De campagne van het korte lontje is eigenlijk andersom bedoeld

Vinnie

FPM Kalender Beheer
Medewerker
De campagne van het korte lontje is eigenlijk andersom bedoeld. Het is maar dat u het weet.

door Jan Kuitenbrouwer

Mijn vriend Bas werkt bij een reclamebureau. Hij was niet te genieten, de afgelopen maanden. ’Wat is er toch aan de hand?’, vroeg ik op een gegeven moment. Zijn bureau, dat veel voor de Stichting Ideële Reclame werkt, Sire, had twee opdrachten die maar niet wilde lukken. De een was een campagne om te waarschuwen tegen de gevaren van vuurwerk en de ander om mensen aan te sporen in het dagelijks verkeer wat vriendelijker en geduldiger met elkaar om te gaan.

Voor de vuurwerkcampagne hadden ze gekozen voor het thema van de lont. ’Het leven is maar kort, het lontje meestal ook’ was een van de suggesties. Of: ’Het lontje is korter dan je denkt.’ Maar Sire keurde het af. ’We willen deze keer juist iets positíefs’, zeiden ze, ’niet dat dreigende.’
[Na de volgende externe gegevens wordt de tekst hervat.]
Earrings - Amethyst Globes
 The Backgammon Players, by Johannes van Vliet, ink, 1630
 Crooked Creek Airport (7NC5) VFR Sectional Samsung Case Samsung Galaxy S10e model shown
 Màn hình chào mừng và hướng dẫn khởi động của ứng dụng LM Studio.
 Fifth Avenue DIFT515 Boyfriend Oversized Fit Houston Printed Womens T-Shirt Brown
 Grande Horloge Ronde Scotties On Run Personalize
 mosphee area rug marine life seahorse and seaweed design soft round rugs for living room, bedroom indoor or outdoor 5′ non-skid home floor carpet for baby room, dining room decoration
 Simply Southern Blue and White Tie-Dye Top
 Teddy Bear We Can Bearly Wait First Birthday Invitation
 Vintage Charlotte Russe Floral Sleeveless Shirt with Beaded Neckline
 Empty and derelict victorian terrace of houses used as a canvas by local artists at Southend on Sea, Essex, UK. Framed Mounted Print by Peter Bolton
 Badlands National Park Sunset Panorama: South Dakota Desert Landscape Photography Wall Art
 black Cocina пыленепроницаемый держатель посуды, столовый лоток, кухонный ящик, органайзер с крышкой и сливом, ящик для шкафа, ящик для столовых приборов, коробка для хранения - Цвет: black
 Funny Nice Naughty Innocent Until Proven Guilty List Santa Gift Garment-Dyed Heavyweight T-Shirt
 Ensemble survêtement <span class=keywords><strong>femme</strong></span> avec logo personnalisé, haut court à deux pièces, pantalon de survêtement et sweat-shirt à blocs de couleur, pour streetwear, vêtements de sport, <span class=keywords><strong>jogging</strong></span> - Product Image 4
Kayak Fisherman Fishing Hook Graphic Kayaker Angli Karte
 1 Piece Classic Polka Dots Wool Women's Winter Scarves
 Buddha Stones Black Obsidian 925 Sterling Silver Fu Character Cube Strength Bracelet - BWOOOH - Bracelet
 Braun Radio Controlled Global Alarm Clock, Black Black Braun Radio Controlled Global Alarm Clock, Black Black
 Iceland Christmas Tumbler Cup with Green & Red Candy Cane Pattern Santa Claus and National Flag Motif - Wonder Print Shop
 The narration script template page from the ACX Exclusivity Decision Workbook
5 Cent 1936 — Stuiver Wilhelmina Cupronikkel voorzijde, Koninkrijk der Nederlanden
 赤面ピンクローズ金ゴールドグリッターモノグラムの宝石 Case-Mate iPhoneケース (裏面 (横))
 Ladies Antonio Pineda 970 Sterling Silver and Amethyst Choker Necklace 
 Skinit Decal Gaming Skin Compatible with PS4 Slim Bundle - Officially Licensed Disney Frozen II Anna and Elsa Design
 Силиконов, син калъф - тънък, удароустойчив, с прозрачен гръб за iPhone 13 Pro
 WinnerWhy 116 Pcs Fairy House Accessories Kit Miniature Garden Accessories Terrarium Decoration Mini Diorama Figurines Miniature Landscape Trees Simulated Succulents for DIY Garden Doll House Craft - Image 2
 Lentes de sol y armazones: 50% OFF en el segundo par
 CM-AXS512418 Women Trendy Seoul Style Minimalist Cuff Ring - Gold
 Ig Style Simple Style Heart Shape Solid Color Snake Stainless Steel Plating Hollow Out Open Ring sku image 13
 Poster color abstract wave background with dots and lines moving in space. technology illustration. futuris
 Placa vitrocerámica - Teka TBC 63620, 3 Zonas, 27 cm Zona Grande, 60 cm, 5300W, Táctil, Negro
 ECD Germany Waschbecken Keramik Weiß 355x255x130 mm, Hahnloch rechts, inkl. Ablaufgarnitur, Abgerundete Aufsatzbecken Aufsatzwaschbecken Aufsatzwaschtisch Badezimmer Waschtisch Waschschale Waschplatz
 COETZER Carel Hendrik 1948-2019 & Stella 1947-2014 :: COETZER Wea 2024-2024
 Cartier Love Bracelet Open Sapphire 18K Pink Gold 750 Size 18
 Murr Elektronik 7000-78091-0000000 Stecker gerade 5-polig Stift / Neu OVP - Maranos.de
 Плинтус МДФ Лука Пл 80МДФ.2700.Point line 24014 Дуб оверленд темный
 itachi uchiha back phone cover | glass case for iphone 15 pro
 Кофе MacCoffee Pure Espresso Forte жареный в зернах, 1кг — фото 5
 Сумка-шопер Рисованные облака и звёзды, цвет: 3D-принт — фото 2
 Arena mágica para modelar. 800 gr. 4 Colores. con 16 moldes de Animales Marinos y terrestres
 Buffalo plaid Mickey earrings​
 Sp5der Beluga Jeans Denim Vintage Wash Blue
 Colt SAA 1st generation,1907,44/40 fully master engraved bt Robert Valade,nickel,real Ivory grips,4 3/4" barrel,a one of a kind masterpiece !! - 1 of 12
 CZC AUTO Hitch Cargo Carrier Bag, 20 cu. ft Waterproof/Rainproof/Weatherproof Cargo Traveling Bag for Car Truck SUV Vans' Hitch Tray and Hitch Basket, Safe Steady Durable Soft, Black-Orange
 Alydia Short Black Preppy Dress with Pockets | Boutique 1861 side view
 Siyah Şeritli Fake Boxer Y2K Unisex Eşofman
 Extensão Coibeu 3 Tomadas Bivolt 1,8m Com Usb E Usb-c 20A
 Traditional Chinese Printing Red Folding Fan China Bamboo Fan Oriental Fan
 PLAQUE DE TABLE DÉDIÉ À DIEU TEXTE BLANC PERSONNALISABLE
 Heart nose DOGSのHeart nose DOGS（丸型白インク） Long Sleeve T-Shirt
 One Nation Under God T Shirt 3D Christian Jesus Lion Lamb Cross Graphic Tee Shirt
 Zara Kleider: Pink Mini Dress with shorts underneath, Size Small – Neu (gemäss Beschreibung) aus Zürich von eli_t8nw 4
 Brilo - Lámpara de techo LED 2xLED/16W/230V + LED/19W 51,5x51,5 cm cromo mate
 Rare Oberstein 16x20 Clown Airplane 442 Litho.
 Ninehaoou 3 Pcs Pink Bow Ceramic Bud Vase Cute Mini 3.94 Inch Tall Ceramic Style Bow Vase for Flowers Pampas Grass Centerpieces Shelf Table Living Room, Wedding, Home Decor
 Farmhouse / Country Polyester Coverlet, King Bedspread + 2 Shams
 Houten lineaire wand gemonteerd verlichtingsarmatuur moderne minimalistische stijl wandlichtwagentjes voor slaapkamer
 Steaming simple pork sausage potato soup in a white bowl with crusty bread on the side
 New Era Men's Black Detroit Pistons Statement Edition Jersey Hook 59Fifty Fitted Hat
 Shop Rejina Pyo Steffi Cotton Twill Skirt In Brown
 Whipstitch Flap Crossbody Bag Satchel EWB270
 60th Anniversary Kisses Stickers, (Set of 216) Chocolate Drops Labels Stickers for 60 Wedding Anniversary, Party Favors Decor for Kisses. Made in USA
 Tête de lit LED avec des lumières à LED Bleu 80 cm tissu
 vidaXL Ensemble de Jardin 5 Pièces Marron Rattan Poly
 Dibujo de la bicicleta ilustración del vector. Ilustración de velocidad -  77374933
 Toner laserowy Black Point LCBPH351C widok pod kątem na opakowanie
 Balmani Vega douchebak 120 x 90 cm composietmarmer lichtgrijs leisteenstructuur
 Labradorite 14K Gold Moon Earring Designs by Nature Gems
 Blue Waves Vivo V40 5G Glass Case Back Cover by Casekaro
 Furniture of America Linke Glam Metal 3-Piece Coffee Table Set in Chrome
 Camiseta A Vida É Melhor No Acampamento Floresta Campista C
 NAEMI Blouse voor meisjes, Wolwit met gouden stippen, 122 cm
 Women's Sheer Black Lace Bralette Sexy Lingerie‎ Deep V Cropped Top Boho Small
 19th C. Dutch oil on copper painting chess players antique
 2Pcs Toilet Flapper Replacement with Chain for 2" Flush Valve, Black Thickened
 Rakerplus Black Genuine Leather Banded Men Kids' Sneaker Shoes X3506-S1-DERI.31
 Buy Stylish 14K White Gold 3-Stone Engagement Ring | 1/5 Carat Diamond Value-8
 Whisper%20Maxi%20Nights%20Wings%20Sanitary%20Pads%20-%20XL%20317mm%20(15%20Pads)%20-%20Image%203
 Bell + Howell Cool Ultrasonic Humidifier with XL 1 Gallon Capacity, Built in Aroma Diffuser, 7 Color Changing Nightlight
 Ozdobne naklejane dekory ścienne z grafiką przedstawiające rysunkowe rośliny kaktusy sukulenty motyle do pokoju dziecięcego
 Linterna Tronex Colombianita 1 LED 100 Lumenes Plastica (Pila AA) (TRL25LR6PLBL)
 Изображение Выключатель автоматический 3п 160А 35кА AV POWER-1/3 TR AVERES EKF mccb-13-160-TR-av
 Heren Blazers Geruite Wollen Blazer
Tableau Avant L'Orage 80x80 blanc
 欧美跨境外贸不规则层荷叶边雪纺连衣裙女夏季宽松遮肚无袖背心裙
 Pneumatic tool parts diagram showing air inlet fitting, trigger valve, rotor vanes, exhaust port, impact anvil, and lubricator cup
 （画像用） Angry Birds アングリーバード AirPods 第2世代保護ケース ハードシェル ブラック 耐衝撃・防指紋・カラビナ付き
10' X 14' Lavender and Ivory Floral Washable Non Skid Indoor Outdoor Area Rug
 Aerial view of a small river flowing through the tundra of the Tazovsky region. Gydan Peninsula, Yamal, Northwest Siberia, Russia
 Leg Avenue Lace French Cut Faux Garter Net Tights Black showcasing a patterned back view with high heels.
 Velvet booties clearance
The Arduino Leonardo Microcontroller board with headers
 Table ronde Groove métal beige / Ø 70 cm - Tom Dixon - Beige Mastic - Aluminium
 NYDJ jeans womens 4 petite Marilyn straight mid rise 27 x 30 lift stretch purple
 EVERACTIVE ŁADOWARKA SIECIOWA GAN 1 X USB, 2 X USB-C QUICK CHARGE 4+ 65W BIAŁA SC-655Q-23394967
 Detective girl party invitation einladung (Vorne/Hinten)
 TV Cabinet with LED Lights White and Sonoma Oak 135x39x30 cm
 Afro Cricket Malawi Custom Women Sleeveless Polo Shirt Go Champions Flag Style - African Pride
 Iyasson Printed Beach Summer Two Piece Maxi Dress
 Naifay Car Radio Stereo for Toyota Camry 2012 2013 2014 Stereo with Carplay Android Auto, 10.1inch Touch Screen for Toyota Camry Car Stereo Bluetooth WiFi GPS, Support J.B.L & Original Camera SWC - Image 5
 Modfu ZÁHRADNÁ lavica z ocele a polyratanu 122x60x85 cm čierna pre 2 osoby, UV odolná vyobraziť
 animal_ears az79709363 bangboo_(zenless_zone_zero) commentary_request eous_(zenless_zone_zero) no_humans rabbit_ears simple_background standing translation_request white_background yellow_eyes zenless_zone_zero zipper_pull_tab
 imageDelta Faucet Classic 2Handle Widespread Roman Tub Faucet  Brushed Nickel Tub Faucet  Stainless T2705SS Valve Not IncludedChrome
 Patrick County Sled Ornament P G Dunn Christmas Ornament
Er was namelijk een onderzoek verschenen waaruit bleek dat harde, confronterende voorlichtingscampagnes niet goed werken. Dat de zachte benadering beter uitpakt. Bas en zijn collega’s hadden nu juist begrepen dat dit soort voorlichting zo gruwelijk en afschrikwekkend mogelijk moet zijn, zoals die campagne destijds met die geamputeerde handen en vingers, of die foto’s van kapotgerookte organen die in Canada op pakjes sigaretten staan, maar die aanpak is gebaseerd op een eerder onderzoek, dat blijkbaar niet klopte (al kwam het van hetzelfde instituut.)

Om dat probleem bij de campagne tegen straatagressie te voorkomen hadden ze daarvoor het thema ’Geef elkaar de ruimte, geef elkaar de tijd’ gekozen, met een soort hippie-achtige flower power jaren zestig-sfeer van allemaal ontzettend relaxte mensen die heel vriendelijk en liefdevol met elkaar omgaan en nooit ergens moeilijk over doen. Maar die opdrachtgever, van een andere afdeling, had het laatste onderzoek nog niet gelezen. ’Ja, da’s allemaal heel mooi’, zei hij ’maar dat geeft toch geen reëel beeld? Ik wil agressie zien!’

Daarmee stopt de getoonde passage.